=== DATA FOR REVIEW ===

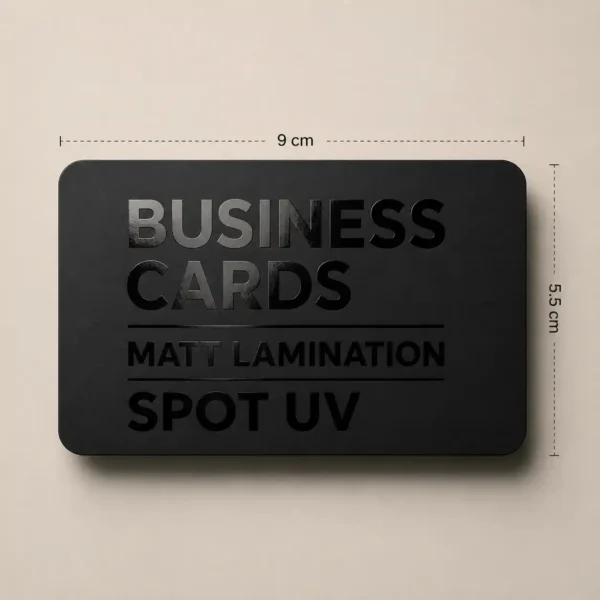 Business Cards with Matt Lamination and Spot UV Finish Dubai UAE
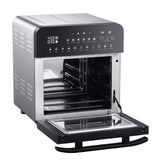 GoWISE USA 14.7-Quart Air Fryer Grill with Dual Heating Elements & Oven with Rotisserie, Dehydrator, Preheat and Broil Functions + 11 Accessories with 2 Recipe Books (Stainless Steel/Black), Ultimate GoWISE USA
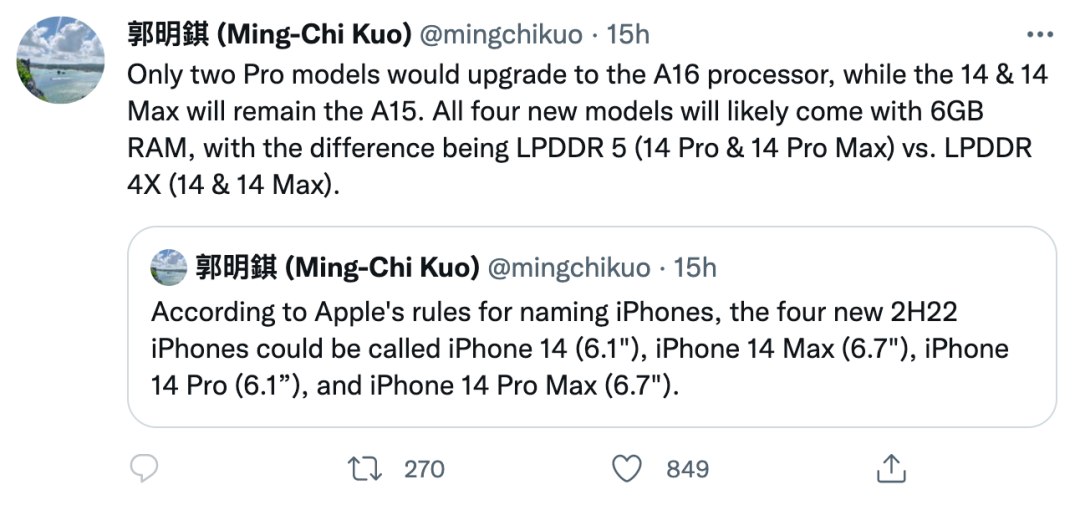 【苹果】全系6GB iPhone14系列4款曝光 A16只有Pro/Max才用？休闲区蓝鸢梦想 - Www.slyday.coM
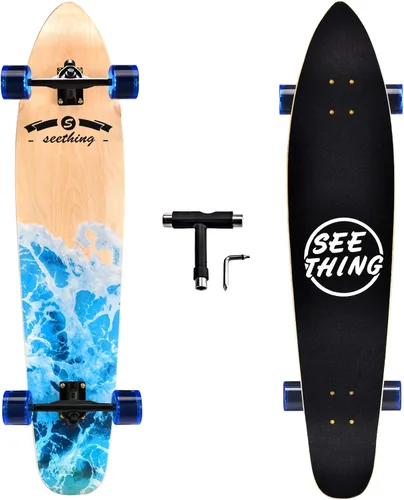 Miniatura 8 de Patineta de 42 pulgadas de largo completo Cruiser Pintail, el original Artisan Maple Skateboard Cruiser Pintail para crucero, tallado, estilo libre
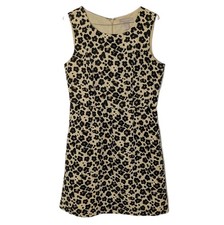 Banana Republic Womens Dress Fit Flare Sleeveless Animal Print Brown Black Sz 8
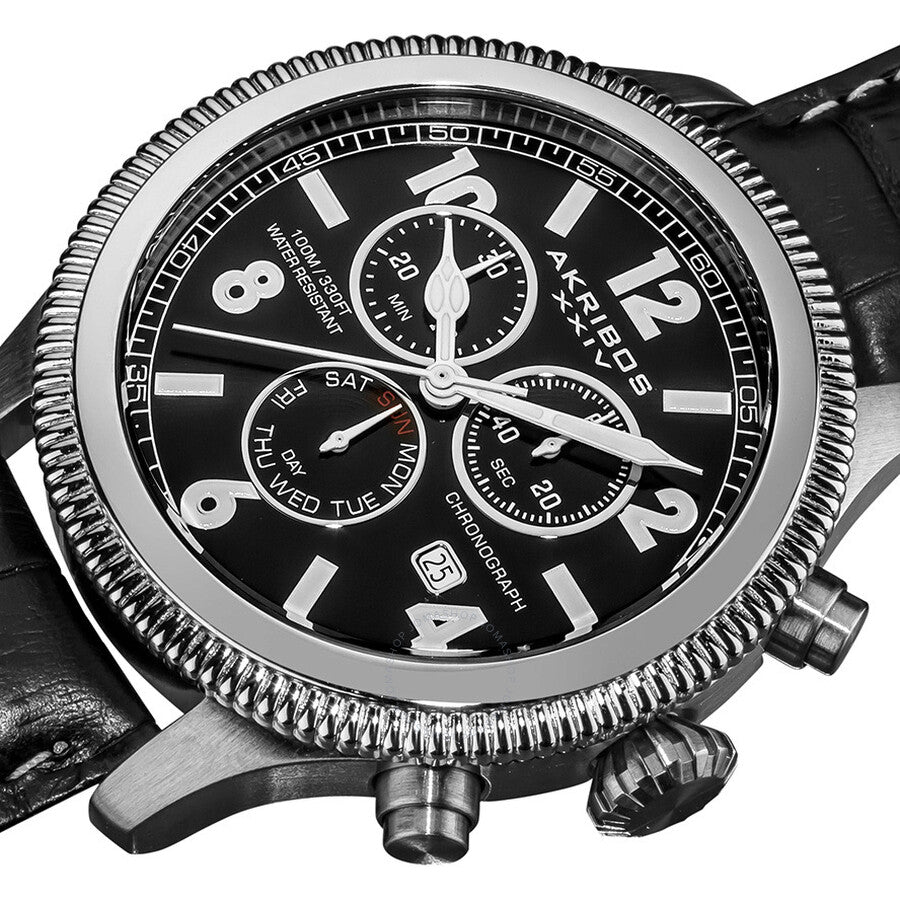 Akribos Ultimate Chronograph Stainless Steel Men's Watch AK575BK - Dawson Watches #2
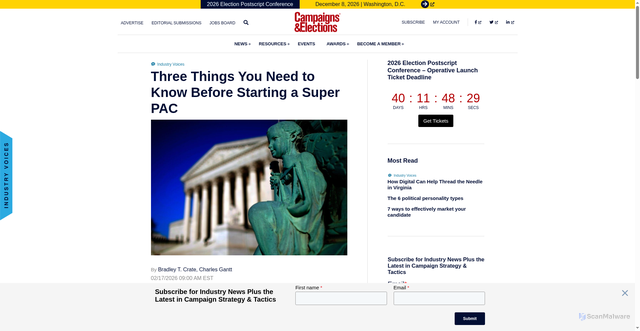 Security scan screenshot of https://campaignsandelections.com/voices/three-things-you-need-to-know-before-starting-a-super-pac/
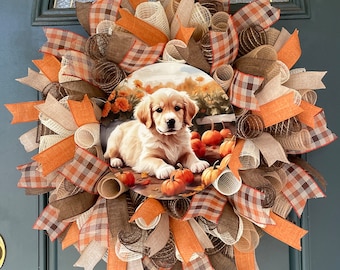 Handmade Fall Dog Wreath: Pumpkin Patch Puppy Front Door Decor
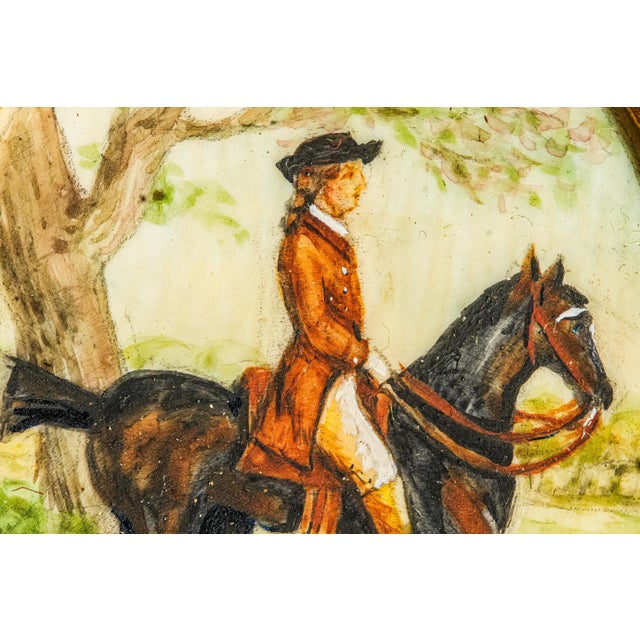 Exquisite Rare Pair Victorian Antique Portrait Miniature Paintings English Country Horse Equestrian Theme For Sale - Image 10 of 16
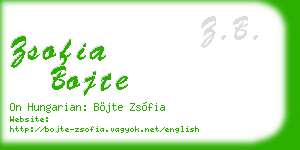 zsofia bojte business card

===

(WHAT TO DO) Your answer must be a verbatim copy of the entries above, with no images included.

(SOLUTION TO THIS TASK)
 Business Cards with Matt Lamination and Spot UV Finish Dubai UAE
 GoWISE USA 14.7-Quart Air Fryer Grill with Dual Heating Elements & Oven with Rotisserie, Dehydrator, Preheat and Broil Functions + 11 Accessories with 2 Recipe Books (Stainless Steel/Black), Ultimate GoWISE USA
 【苹果】全系6GB iPhone14系列4款曝光 A16只有Pro/Max才用？休闲区蓝鸢梦想 - Www.slyday.coM
 Miniatura 8 de Patineta de 42 pulgadas de largo completo Cruiser Pintail, el original Artisan Maple Skateboard Cruiser Pintail para crucero, tallado, estilo libre
 Banana Republic Womens Dress Fit Flare Sleeveless Animal Print Brown Black Sz 8
 Akribos Ultimate Chronograph Stainless Steel Men's Watch AK575BK - Dawson Watches #2
 Security scan screenshot of https://campaignsandelections.com/voices/three-things-you-need-to-know-before-starting-a-super-pac/
 Handmade Fall Dog Wreath: Pumpkin Patch Puppy Front Door Decor
 Exquisite Rare Pair Victorian Antique Portrait Miniature Paintings English Country Horse Equestrian Theme For Sale - Image 10 of 16
 zsofia bojte business card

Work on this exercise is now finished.